法律・制度

日本法における財団法人の制度と仕組み

日本法における財団法人の概要、一般財団法人および公益財団法人の違い、設立要件や法律上の仕組みについて解説します。

📌 主なポイント

  • 財団法人は、特定の拠出された財産を基礎として運営される法人格を持つ組織である。
  • 2008年12月の公益法人制度改革により、公益性がなくても一般財団法人の設立が可能となった。
  • 一般財団法人の設立には、300万円以上の財産拠出が法律で義務付けられている。

日本法における財団法人(ざいだんほうじん)は、法人格を付与された財団のことです。特定の個人や企業などの法人から拠出された財産(基本財産)を基礎とし、その運用益などを主たる事業原資として運営される法人を指します。

財団法人の主な種類

2008年12月に施行された公益法人制度改革に伴い、制度の枠組みが大きく変更されました。現在では主に一般財団法人と公益財団法人の2つに大別されます。

一般財団法人

一般社団法人及び一般財団法人に関する法律(一般社団・財団法人法)に基づいて設立される法人です。事業目的に公益性が求められない点が特徴であり、一定の手続きと登記を経ることで準則主義によって設立できます。機関として理事、監事、評議員を置く必要があります。

営利法人である株式会社とは異なり、設立者に剰余金または残余財産の分配を受ける権利を与える定款は無効とされています。また、設立時には300万円以上の財産の拠出が義務付けられており、事業年度が2期連続して純資産額が300万円未満となった場合は解散しなければなりません。

公益財団法人

一般財団法人として設立された法人のうち、公益法人認定法に基づいてその事業の公益性が認定されたものを公益財団法人と呼びます。独立した合議制機関の答申に基づいて内閣総理大臣または都道府県知事の認定を受ける必要があり、税制上の優遇措置などが適用されます。

歴史的経緯と旧法制

2008年11月以前は、旧民法第34条を根拠として主務官庁の許可を受けて設立されていました。

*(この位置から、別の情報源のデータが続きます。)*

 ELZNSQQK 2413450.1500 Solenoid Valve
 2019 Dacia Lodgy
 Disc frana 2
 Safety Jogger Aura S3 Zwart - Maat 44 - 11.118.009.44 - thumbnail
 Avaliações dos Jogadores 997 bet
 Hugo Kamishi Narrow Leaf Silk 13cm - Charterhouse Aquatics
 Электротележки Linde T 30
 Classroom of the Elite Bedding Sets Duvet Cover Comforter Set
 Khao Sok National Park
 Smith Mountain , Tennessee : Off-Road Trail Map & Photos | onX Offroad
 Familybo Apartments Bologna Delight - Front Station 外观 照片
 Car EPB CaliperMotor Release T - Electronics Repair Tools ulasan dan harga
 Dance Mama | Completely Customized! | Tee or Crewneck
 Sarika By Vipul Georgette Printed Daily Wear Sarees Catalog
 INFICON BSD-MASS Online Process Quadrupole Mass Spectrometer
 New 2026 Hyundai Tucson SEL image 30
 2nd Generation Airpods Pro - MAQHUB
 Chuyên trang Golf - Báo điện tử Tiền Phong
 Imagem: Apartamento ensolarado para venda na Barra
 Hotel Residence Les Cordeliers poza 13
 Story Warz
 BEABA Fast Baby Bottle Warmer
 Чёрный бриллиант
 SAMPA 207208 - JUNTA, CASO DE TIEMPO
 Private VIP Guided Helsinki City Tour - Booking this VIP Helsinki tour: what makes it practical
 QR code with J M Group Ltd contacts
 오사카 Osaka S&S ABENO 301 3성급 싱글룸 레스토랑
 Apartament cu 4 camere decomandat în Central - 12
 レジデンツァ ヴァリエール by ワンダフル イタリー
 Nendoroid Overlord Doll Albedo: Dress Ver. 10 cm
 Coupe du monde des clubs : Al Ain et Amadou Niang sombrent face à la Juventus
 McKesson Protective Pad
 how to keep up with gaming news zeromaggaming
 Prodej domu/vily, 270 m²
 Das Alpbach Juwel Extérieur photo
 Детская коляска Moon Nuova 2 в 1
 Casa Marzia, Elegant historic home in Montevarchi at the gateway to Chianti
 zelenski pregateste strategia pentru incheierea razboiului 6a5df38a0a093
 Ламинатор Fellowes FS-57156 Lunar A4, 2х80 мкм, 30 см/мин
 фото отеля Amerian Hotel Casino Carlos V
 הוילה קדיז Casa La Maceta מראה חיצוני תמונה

これらは「34条法人」とも称され、設立や監督において官庁の許可主義が採られていました。2008年12月の制度改革以降、従来の特例民法法人は、一般財団法人や公益財団法人への移行などの手続きを行うことになりました。

よくある質問

一般財団法人を設立するために公益性は必要ですか?
いいえ、公益性は必須ではありません。一般社団・財団法人法に基づき、一定の要件を満たしていれば事業目的に公益性がなくても設立することが可能です。
一般財団法人の設立に必要な最低財産額はいくらですか?
設立者が設立時に拠出する財産の合計価額は、法律により300万円以上でなければならないと定められています。
公益財団法人の認定はどこが行いますか?
独立した合議制機関の答申に基づいて、内閣総理大臣または都道府県知事が公益性の認定を行います。